Entity disambiguation is the process of teaching Google’s Knowledge Graph to correctly and confidently identify which real-world entity a name or brand refers to, distinct from any other entities that share similar identifying information. When disambiguation fails, Google may conflate two people with the same name, misattribute content, or be unable to build a stable Knowledge Panel.
What is an Entity Home and why does it matter?
An Entity Home, a concept developed by Jason Barnard of Kalicube, is the single page on your website that serves as the authoritative source of facts about your entity. It is the URL Google reconciles all external mentions back to. It needs consistent name form, a declarative bio in semantic triple structure, named affiliations with links, and complete schema markup with @id and sameAs. Without a clear Entity Home, Google has no anchor point to resolve ambiguity.
Do I need a Wikipedia article to appear in Google’s Knowledge Graph?
No. Wikidata entries do not require Wikipedia-level notability. Any entity whose facts can be cited to verifiable third-party sources can have a Wikidata entry. Wikidata is structured and machine-readable, which gives it disambiguation value that exceeds many unstructured text mentions in aggregate. A well-built Wikidata entry with properly cited statements is often more effective than a short Wikipedia article for Knowledge Graph purposes.
What is the difference between @id and sameAs in schema markup?
The @id property creates a stable internal identifier for your entity that Google’s crawler can use to merge signals across multiple pages on your site. The sameAs property connects your entity to the same entity as described in external authoritative sources — your Wikidata Q-number, your LinkedIn URL, your Wikipedia article. @id handles internal disambiguation; sameAs handles external corroboration.
How long does it take to get a Google Knowledge Panel after building an Entity Home?
Jason Barnard’s Kalicube Process documentation cites three months to two years. The Danny Goodwin case — resolving a decade of conflation with a baseball player — took twelve months from Entity Home creation to stable Knowledge Panel with accurate entity associations. New entities with no conflicting prior data and strong corroboration can see Knowledge Panel appearance in four to six weeks. Accuracy of inputs matters more than speed of submission.
How does entity disambiguation connect to AI Overview citations?

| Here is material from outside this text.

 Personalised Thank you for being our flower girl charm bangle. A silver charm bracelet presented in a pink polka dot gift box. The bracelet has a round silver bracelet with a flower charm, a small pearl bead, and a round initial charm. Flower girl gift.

AI Overview citation probability correlates with entity density and entity recognition. Pages written by authors with correctly disambiguated entity nodes carry stronger E-E-A-T attribution signals. The isAuthor signal connects your content to your entity in Google’s system — but that connection only works if Google is confident about which entity you are. Entity disambiguation is the prerequisite step for all downstream entity-based SEO, including the AI Overview optimization workflow covered in the previous post in this series.
What are the most important Wikidata properties for a person entity in SEO?
The highest-priority properties are P31 (instance of: human), P106 (occupation), P856 (official website, pointing to your Entity Home), P27 (country of citizenship), and P18 (image). Each statement requires a reference citation to a verifiable source. The description field (under 250 characters, format: “role from location”) is particularly important for disambiguation because it is what Google uses to differentiate entities with similar names.